Required work:
Please write out the full listing beneath this line exactly, skipping its images.

*** Collected data Section Begins ***

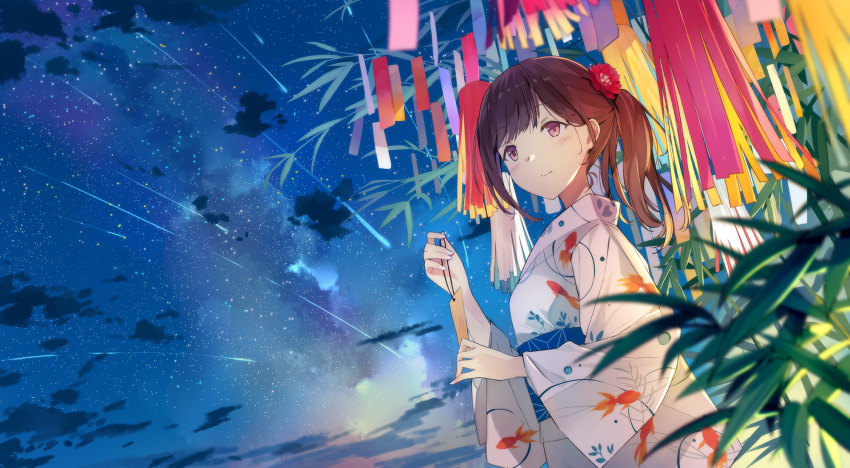 1girl animal_print bamboo blurry blurry_foreground blush brown_hair closed_mouth clouds commentary_request depth_of_field dutch_angle falling_star fish_print flower goldfish_print hair_flower hair_ornament highres holding japanese_clothes kimono long_hair night night_sky original outdoors print_kimono red_flower sky solo star_(sky) starry_sky sutorora tanabata tanzaku twintails violet_eyes white_kimono yukata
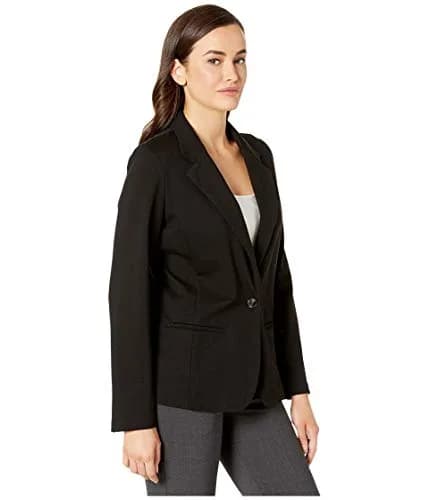 Liverpool Fitted Knit Blazer Black SM | Slim Fit, Rayon Blend, Business Casual thumbnail 4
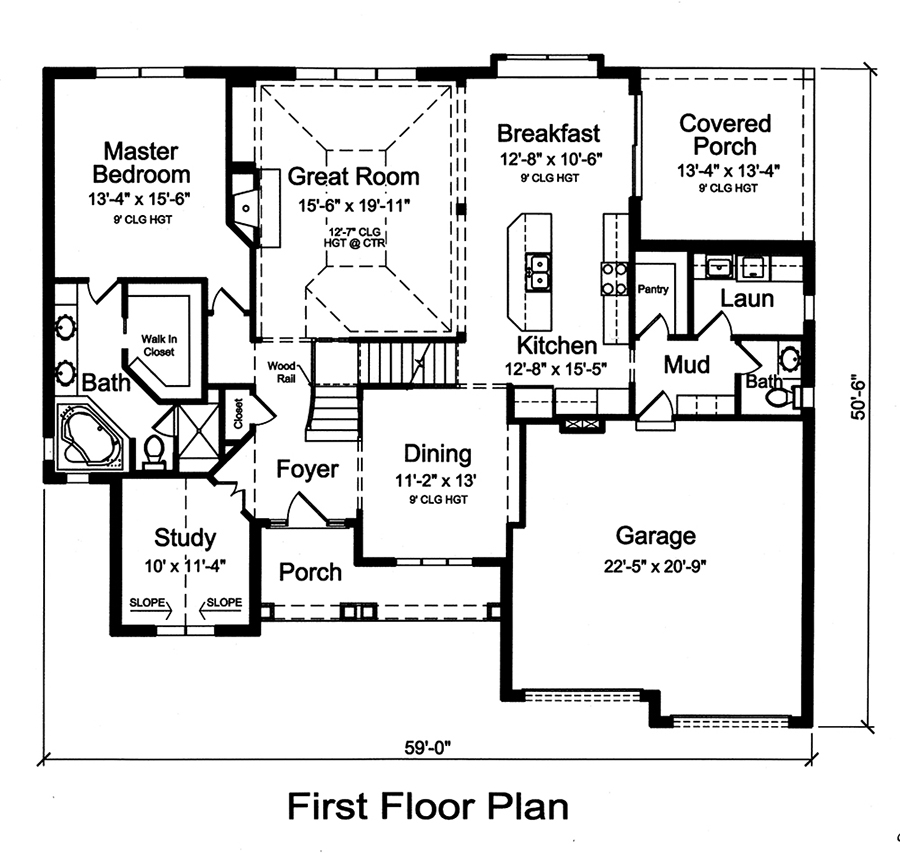 Floor Plan First Story of Craftsman Plan #169-1133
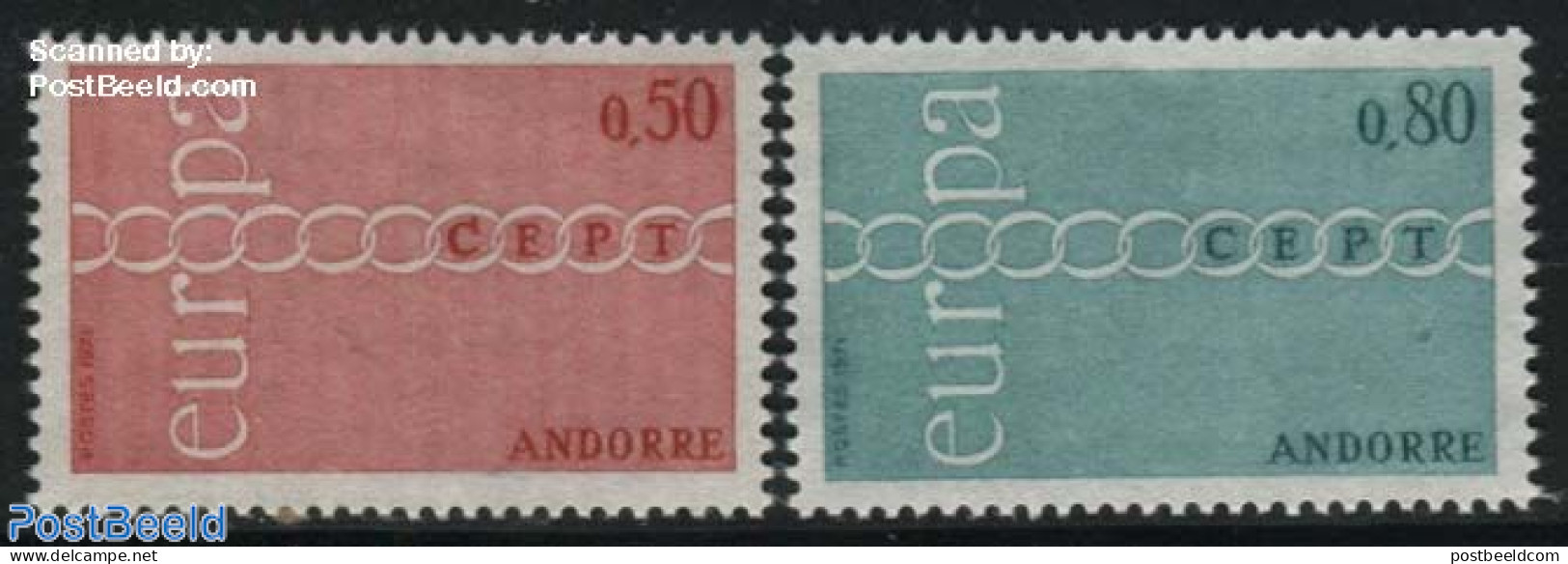 Andorra, French Post 1971 Europa CEPT 2v, Mint NH, History - Europa (cept) - Ongebruikt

*** Collected data Section Ends ***

Task result:
 1girl animal_print bamboo blurry blurry_foreground blush brown_hair closed_mouth clouds commentary_request depth_of_field dutch_angle falling_star fish_print flower goldfish_print hair_flower hair_ornament highres holding japanese_clothes kimono long_hair night night_sky original outdoors print_kimono red_flower sky solo star_(sky) starry_sky sutorora tanabata tanzaku twintails violet_eyes white_kimono yukata
 Liverpool Fitted Knit Blazer Black SM | Slim Fit, Rayon Blend, Business Casual thumbnail 4
 Floor Plan First Story of Craftsman Plan #169-1133
 Andorra, French Post 1971 Europa CEPT 2v, Mint NH, History - Europa (cept) - Ongebruikt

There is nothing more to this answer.